= Phönix-Schwingen =

 Phönix-Schwingen (Phoenix's Wings) op. 125 is a waltz composed by Johann Strauss II in 1853. Strauss has amalgamated his late father's orchestra with his own in 1849 and with the new responsibility, was expected to rehearse, organise, compose, orchestrate, and lastly, conduct at two or three venues on the same day.

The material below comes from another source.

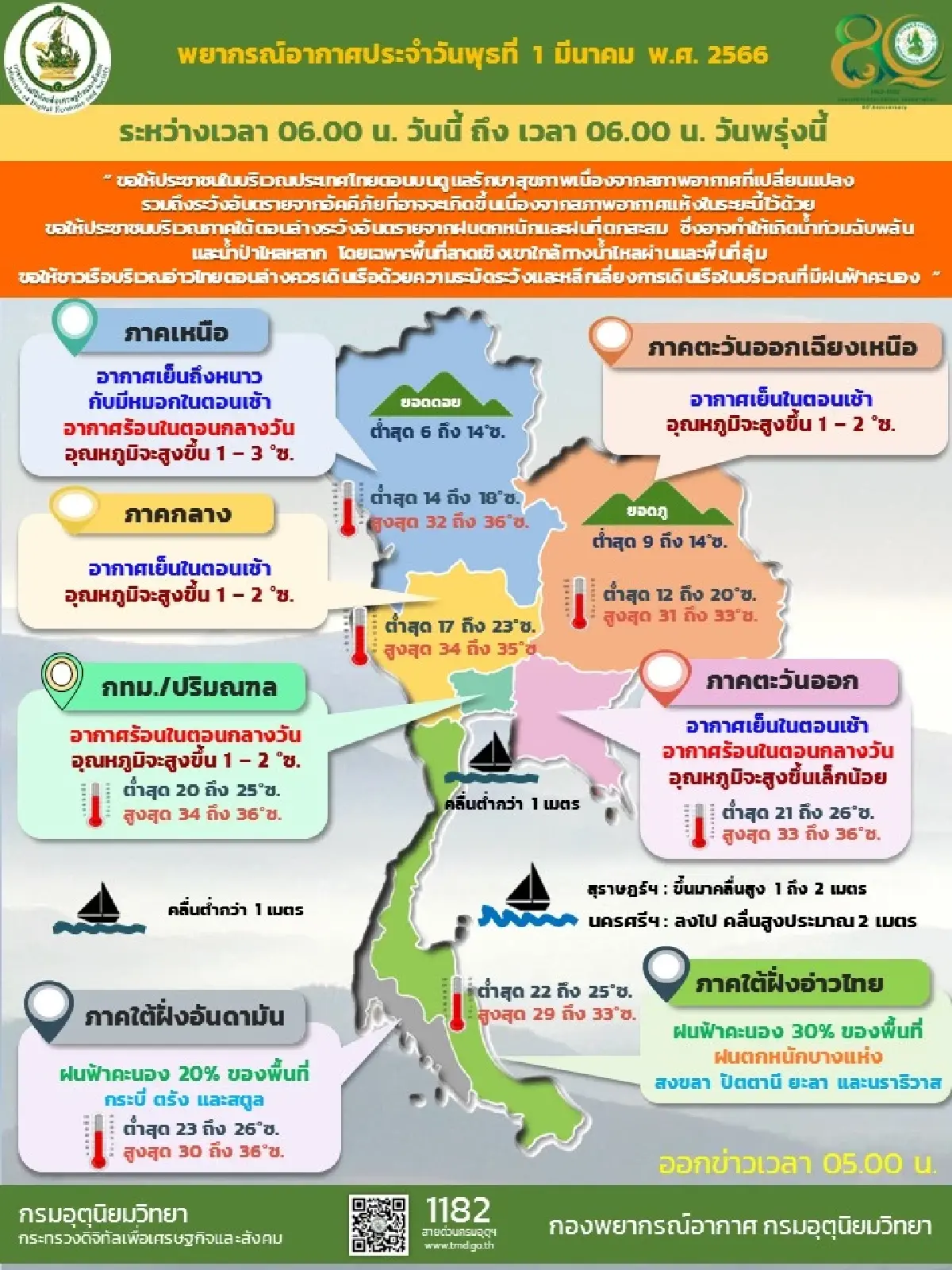 กรมอุตุนิยมวิทยาเผยประเทศไทยตอนบนอุณหภูมิสูงขึ้น 1- องศา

During the hectic years of 1851 and 1852, Strauss exerted himself and after a tiring tour of Germany late 1852, he was taken seriously ill.

Many of his engagements were forced to be cancelled although Strauss felt sufficiently well to appear at his benefit concert at the Sofienbad-Saal ballroom on January 16, 1853 along with his new waltz 'Phönix-Schwingen'. The title suggested a possible reference to himself, having like the mythical bird, 'risen from the ashes'. However, Strauss' interesting title may well refer to the unpopular Vienna transport enterprise 'Phoenix' which had promised faster and cheaper travel intending to rival the traditional Viennese 'fiaker'. The enterprise proved to be no more than a flash in the pan and foundered after a mere few days.

Whether meaning the mythical creature or the enterprise, Strauss' work is very brisk and stylish, with rising arpeggios and effective motif usage. The work was dedicated to Hans Guido von Bülow.